Doordat op de oudere stèle’s de datum volgens al deze kalenders stond aangegeven, konden de archeologen door vergelijking de relatie tussen de drie Maya-kalenders en de westerse kalender bepalen. Op latere stèle’s gingen de Maya’s er toe over in de lange telling de baktuns weg te laten. Dit leverde nog steeds een datum op die zich pas na 18720 jaar herhaalde. Voor de Maya’s was dat lang genoeg, want tegen die was hun wereld toch al vergaan. Volgens de Maya’s zou deze wereld, net als de vorige, na 13 baktuns (5200 jaar) vergaan. Dat is op 20 of 22 December 2012; we kunnen ons alvast voorbereiden.

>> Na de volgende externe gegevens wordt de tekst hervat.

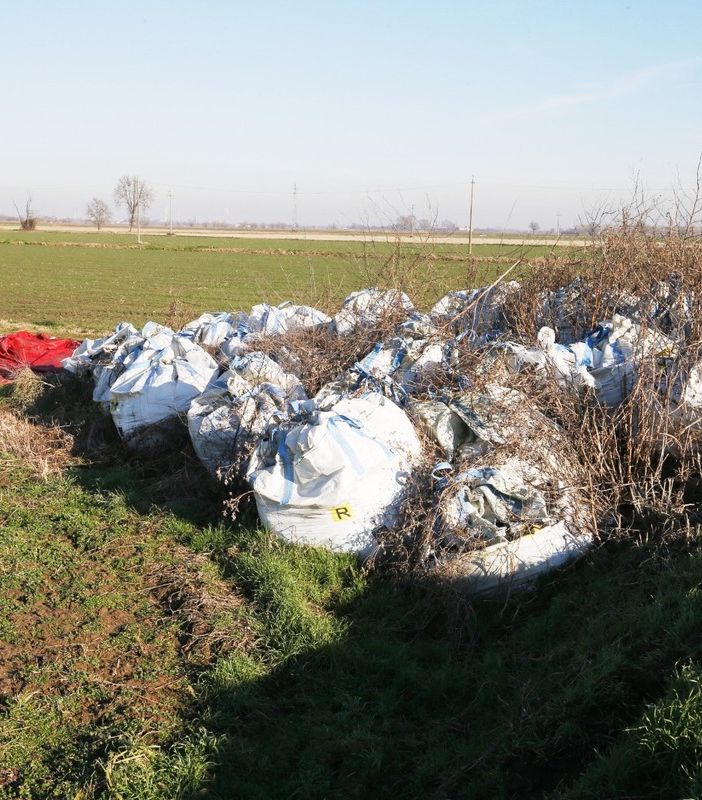 Pieve del Cairo: ancora presenti da oltre un anno i sacchi contenenti lo sversamento di un camion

Overigens meent aardwetenschapper Andreas Fuls dat de berekening die uitkomt op 2012, een misrekening is. Hij promoveerde in 2006 aan de Technische Universiteit Berlijn op een dissertatie waarin hij stelt dat de dertiende baktun pas stopt op 21, 22 of 23 december 2220. Hij baseert zich op een oude Mayatabel waarin de standen van Venus staan en nieuw ontdekte inscripties en voorwerpen. (Aldus de Nederlandse Wikipedia over het 2012-fenomeen.)